▶ **What is needed**: In the entries below, find the line with "Traditional Country Home In De Soto W/ Yard!" and the line with "VOLKSWAGEN TRANSPORTER". Print those two and everything between them exactly, and nothing else.
*** Record set ***
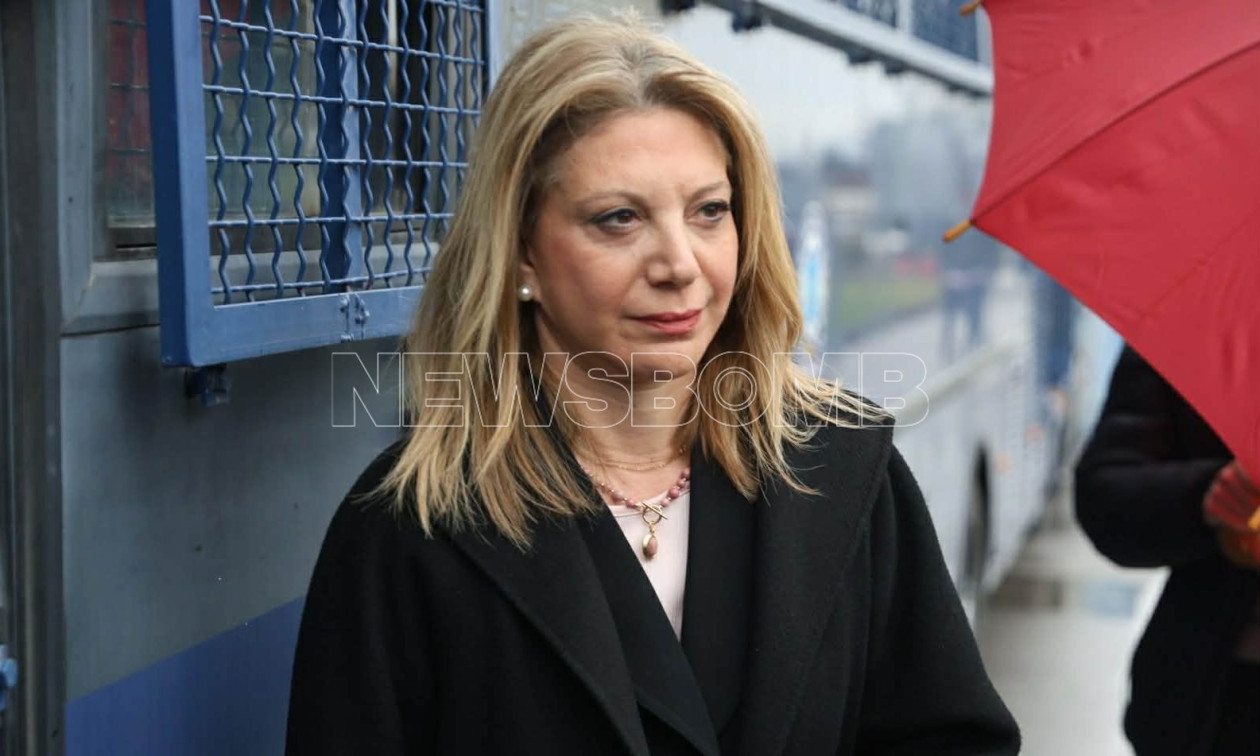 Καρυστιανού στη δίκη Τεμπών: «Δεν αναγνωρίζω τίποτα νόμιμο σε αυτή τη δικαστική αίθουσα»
*** End of Record set ***
*** Record set ***
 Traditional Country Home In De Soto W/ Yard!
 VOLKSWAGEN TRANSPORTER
*** End of Record set ***
▶ **Finished exercise**:
 Traditional Country Home In De Soto W/ Yard!
 VOLKSWAGEN TRANSPORTER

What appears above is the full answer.